The data below should be printed in full, exactly, and without any of its images.

● ● ●

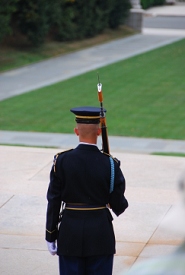 Tomb of the Unknowns, Arlington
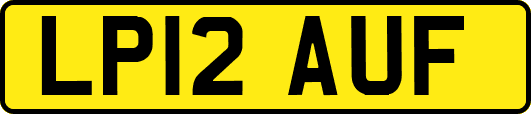 LP12AUF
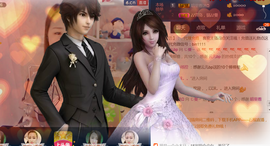 曼娜丽莎主播照片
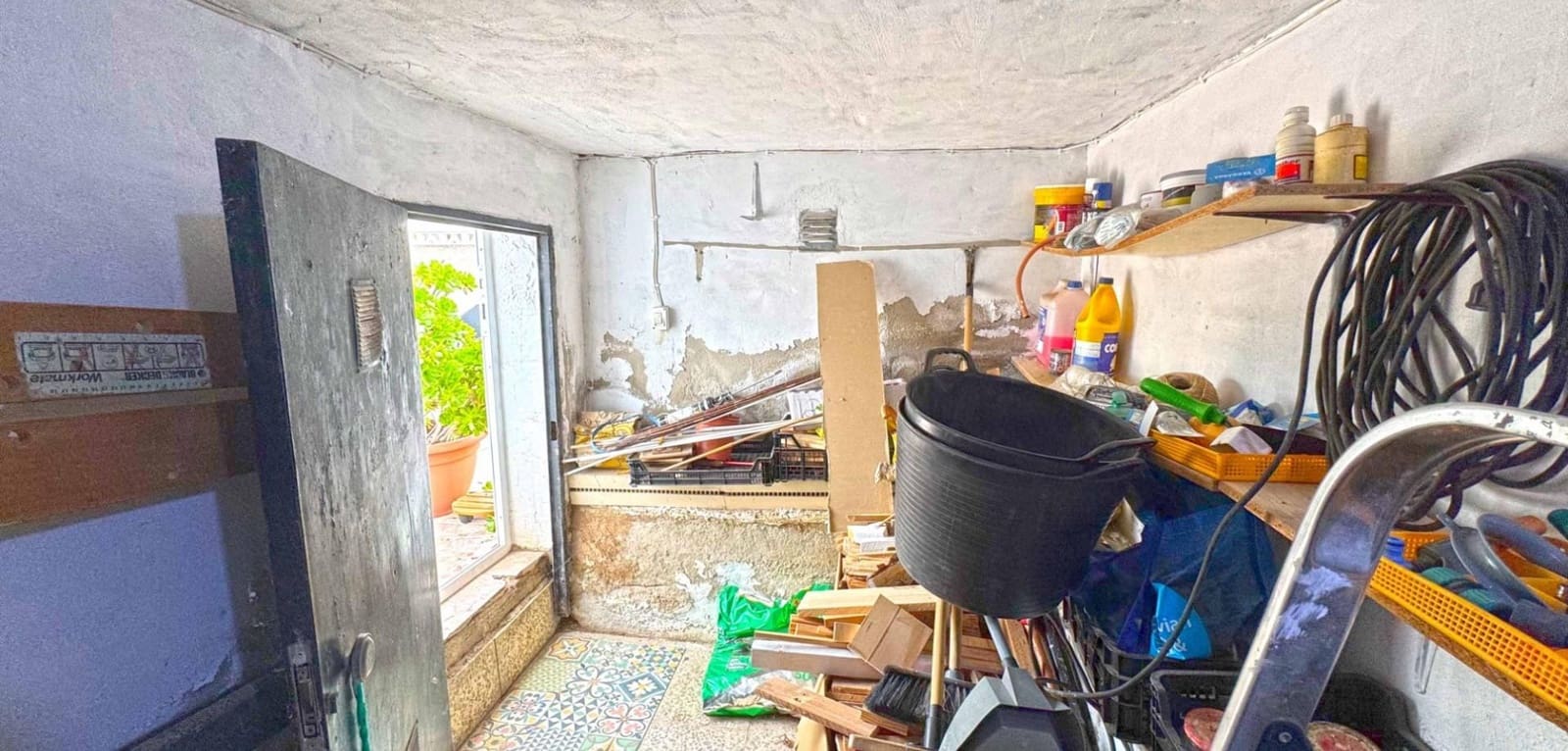 2 sypialnia Willa na sprzedaż w San Miguel de Salinas - 119 500 € (Ref: 9569023)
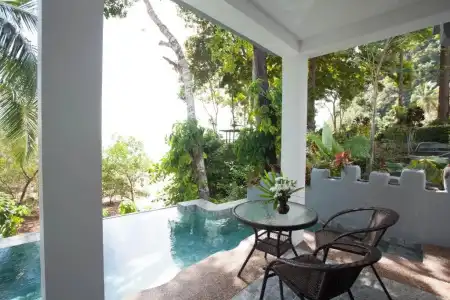 Arawan Beach Resort Krabi - 141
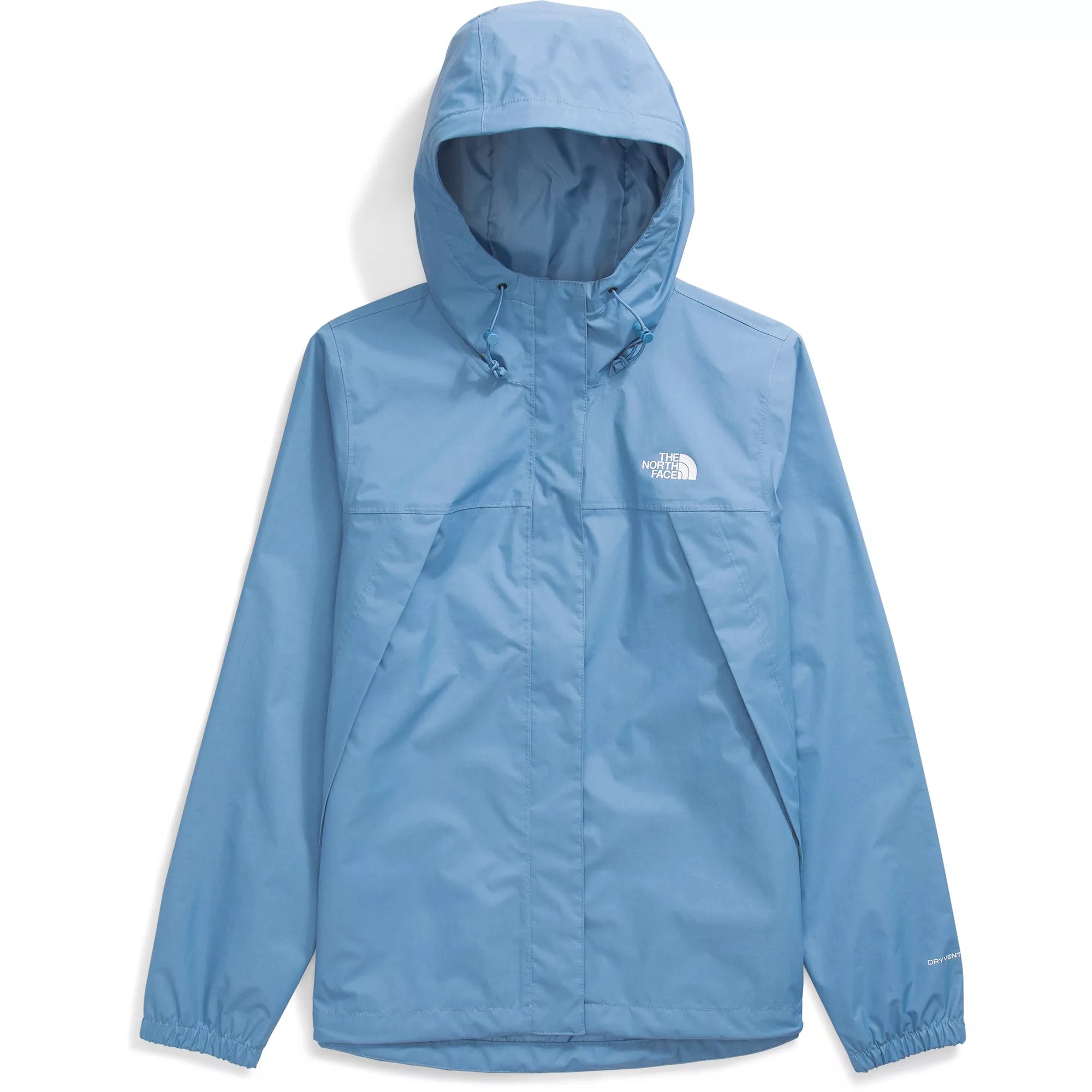 ナイロンジャケット THE NORTH FACE Journeys Tech Indigo Coat The North Face Women's Antora Jacket Indigo Stone – Versatile Boutique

● ● ●

• **ANSWER FOR THIS EXERCISE**:
 Tomb of the Unknowns, Arlington
 LP12AUF
 曼娜丽莎主播照片
 2 sypialnia Willa na sprzedaż w San Miguel de Salinas - 119 500 € (Ref: 9569023)
 Arawan Beach Resort Krabi - 141
 ナイロンジャケット THE NORTH FACE Journeys Tech Indigo Coat The North Face Women's Antora Jacket Indigo Stone – Versatile Boutique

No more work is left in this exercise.